The whole listing, pictures aside, should be reproduced exactly.

__Data segment__.
=-=-=-=-=

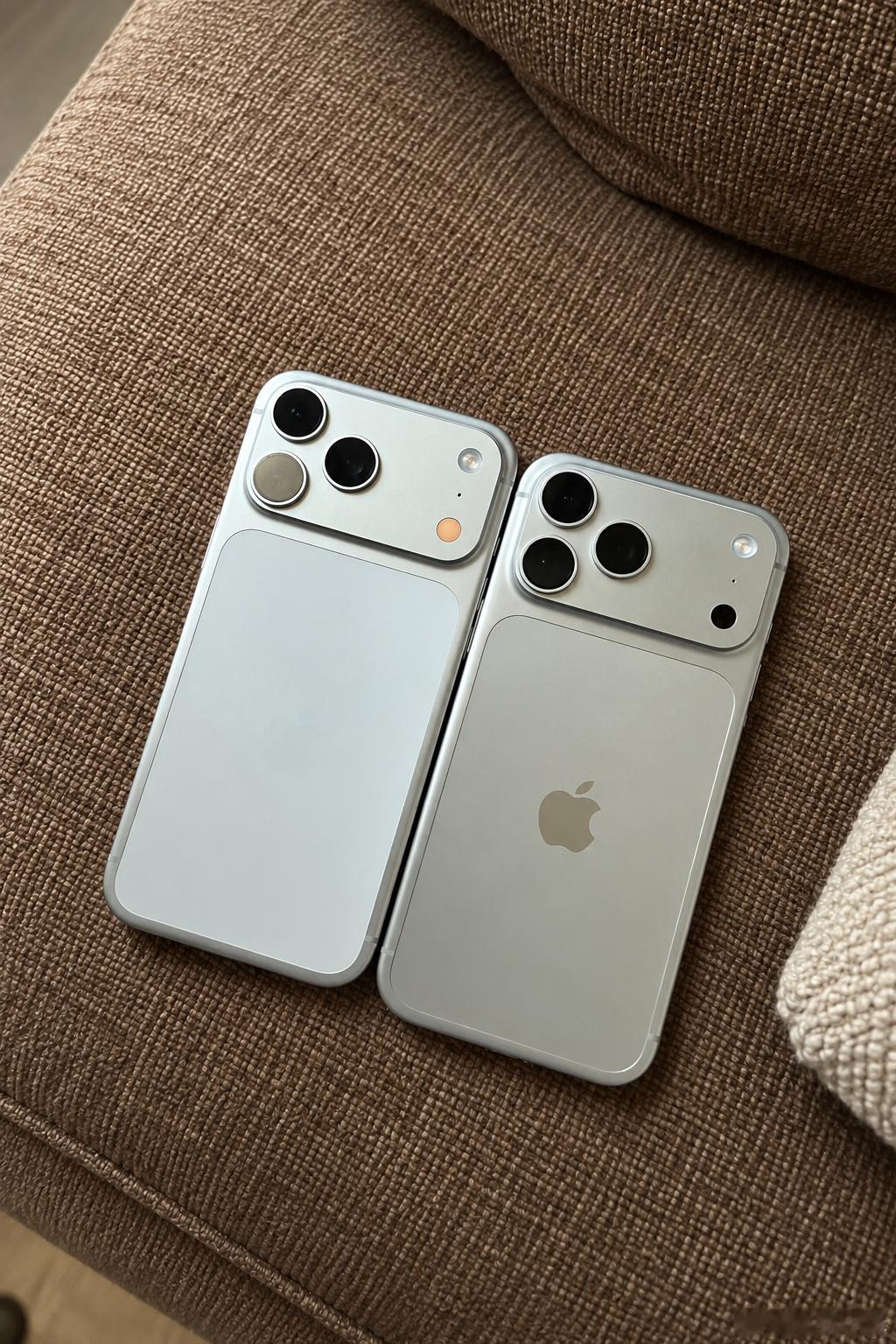 把iPhone 17 Pro Max和18 Pro Max的银色放在一起，才发现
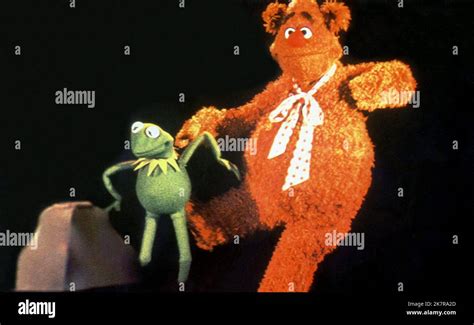 The muppet movie 1979 kermit the frog hi-res stock photography and ...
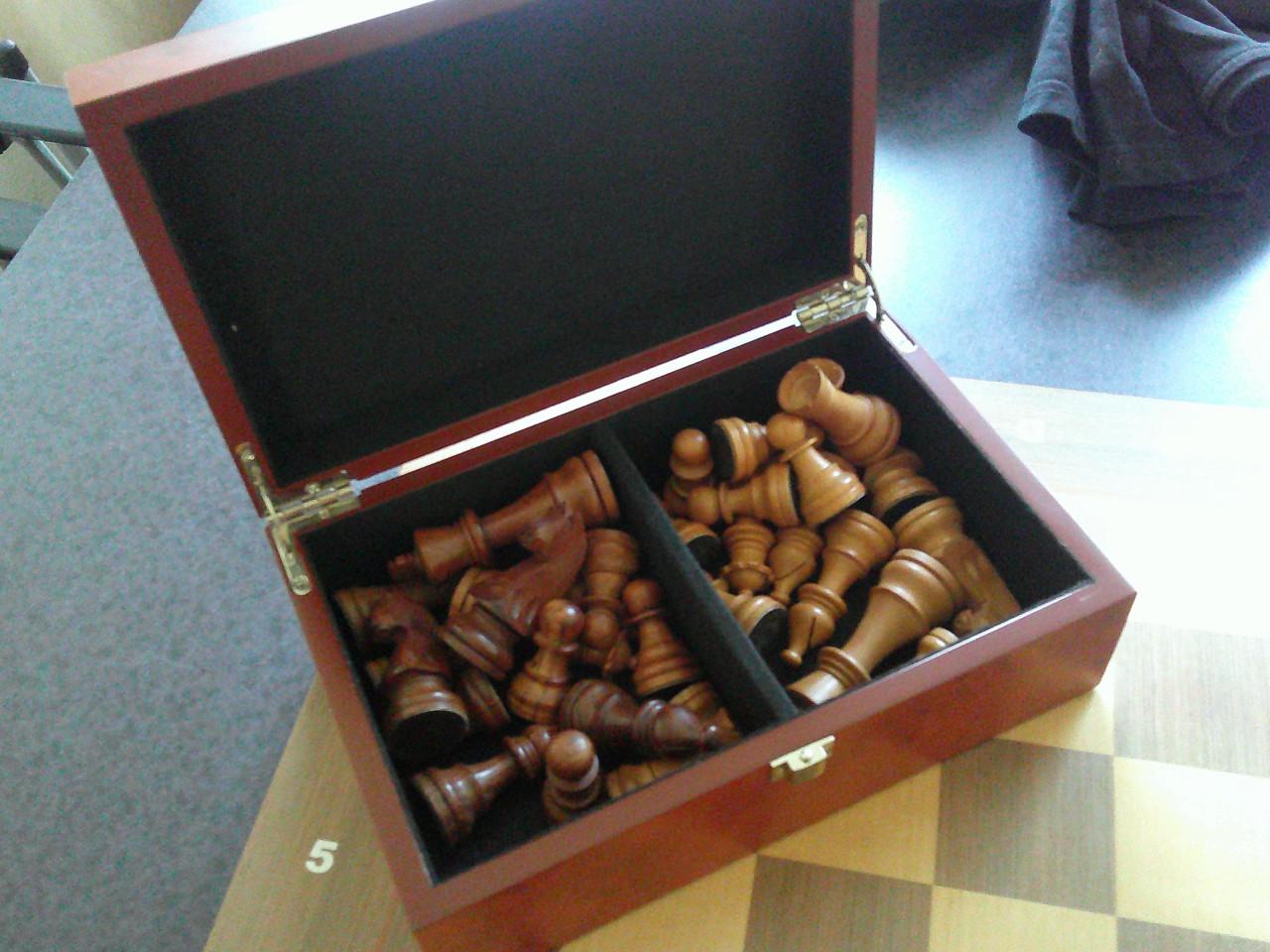 WEDSRTIJDBORD,HOUTEN STUKKEN EN KLOK.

=-=-=-=-=

__Answer section__.
 把iPhone 17 Pro Max和18 Pro Max的银色放在一起，才发现
 The muppet movie 1979 kermit the frog hi-res stock photography and ...
 WEDSRTIJDBORD,HOUTEN STUKKEN EN KLOK.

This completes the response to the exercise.